The failure callback should be invoked when a failure to provide the table location size occurs.
The table_location_size caller will block until one of the size or failure callbacks is called.
This is called for tables created when
TableDataService.make_table()
is called with refreshing=False.Note that asynchronous calls to any callback may block until this method has returned.
- Parameters:
table_key (TableKey) – the table key
table_location_key (TableLocationKey) – the table location key
size_cb (Callable[[int], None]) – the callback function
- Return type:
None
- abstract table_locations(table_key, location_cb, success_cb, failure_cb)[source]¶
Provides the existing table locations for the table with the given table via the location_cb callback.
The location callback should be called with the table location key and an optional pyarrow.Table that contains the partitioning values for the location. The schema of the table must match the optional partitioning column schema returned by
table_schema()
for the table_key.

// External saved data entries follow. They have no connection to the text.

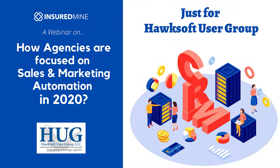Hello everyone and welcome to today's session. I am Roshan Jaswal, co-founder of InsuredMine, a software platform with CRM, sales and marketing automation, designed and developed only for the insurance industry.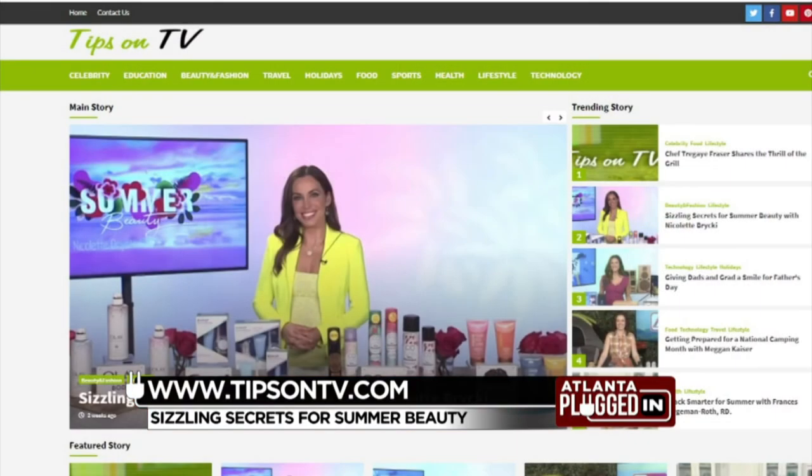All right, thanks Nicolette. For more information, visit tipsontv.com.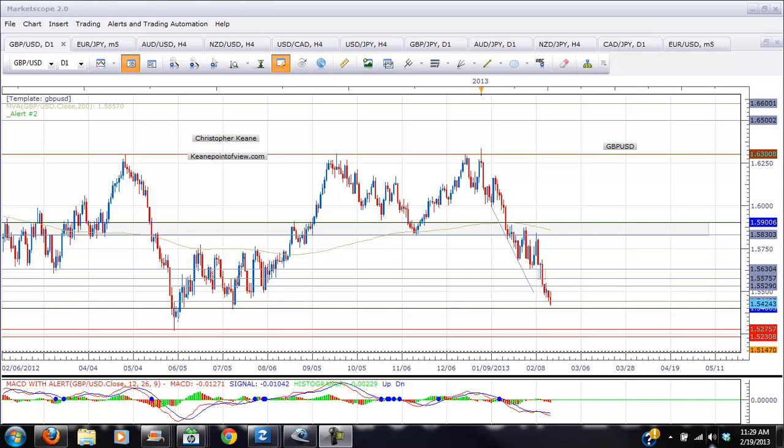Hi there traders, this is Chris Keen from akeenpointofview.com and this is Currency Watch. We're going to take a look at the Great Britain Pound and the Aussie USD today as they both have interesting setups heading into overnight trading in Asia and Europe.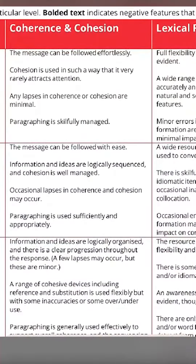The second important criteria — and one of my favorites — is coherence and cohesion. In this criteria, the most important thing is to connect your paragraphs and sentences together.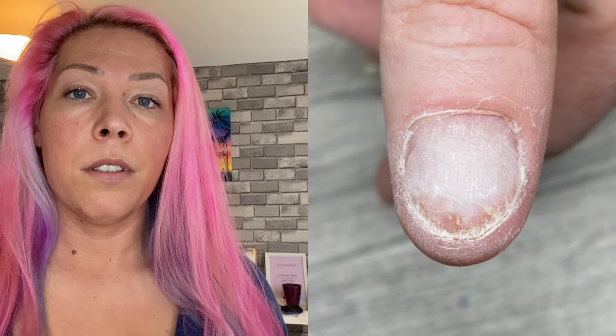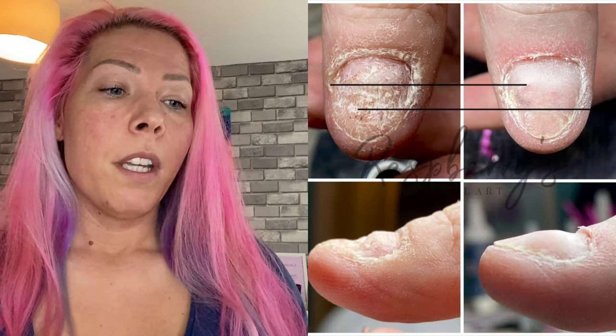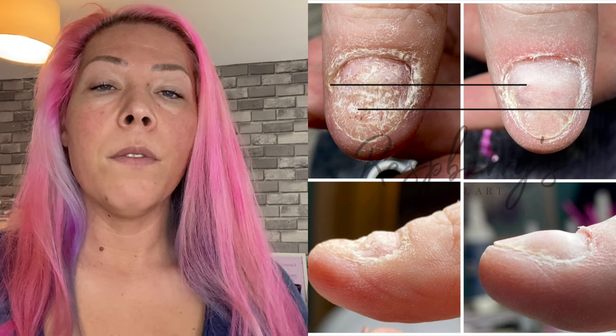I told her it doesn't have to be like that and we started the treatment. I'm going to show you how it looks now and try to show a before-and-after photo as well. What I really wanted to share is: if you're a nail biter and you think your case is extreme, and you think there is nothing anybody can do for you — this video is for you, because there is help. But you have to find the right person.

The table must have a single row for the particular table location key provided in the 1st argument, with values for each partitioning column in the row.The success callback should be called when all existing table locations have been delivered to the table location callback.
The failure callback should be invoked when failure to provide existing table locations occurs.
The table_locations caller will block until one of the success or failure callbacks is called.
This is called for tables created when
TableDataService.make_table()
is called with refreshing=FalseNote that asynchronous calls to any callback may block until this method has returned.
- Parameters:
table_key (TableKey) – the table key
location_cb (Callable[[TableLocationKey, Optional[pa.Table]], None]) – the callback function
success_cb (Callable[[], None]) – the success callback function
failure_cb (Callable[[Exception], None]) – the failure callback function
- Return type:
None
- abstract table_schema(table_key, schema_cb, failure_cb)[source]¶
Provides the table data schema and the partitioning column schema for the table with the given table key via the schema_cb callback. The table data schema is not required to include the partitioning columns defined in the partitioning column schema.
The failure callback should be invoked when a failure to provide the schemas occurs.
The table_schema caller will block until one of the schema or failure callbacks is called.
Note that asynchronous calls to any callback may block until this method has returned.
- Parameters:
table_key (TableKey) – the table key
schema_cb (Callable[[pa.Schema, Optional[pa.Schema]], None]) – the callback function with two arguments: the table data schema and the optional partitioning column schema
failure_cb (Callable[[Exception], None]) – the failure callback function
- Return type:
None
- class TableKey[source]¶
Bases:
ABC
A key that identifies a table. The key should be unique for each table. The key can be any Python object and should include sufficient information to uniquely identify the table for the backend service. The __hash__ method must be implemented to ensure that the key is hashable.
- class TableLocationKey[source]¶
Bases:
ABC
A key that identifies a specific location of a table. The key should be unique for each table location of the table. The key can be any Python object and should include sufficient information to uniquely identify the location for the backend service to fetch the data values and data size. The __hash__ method must be implemented to ensure that the key is hashable.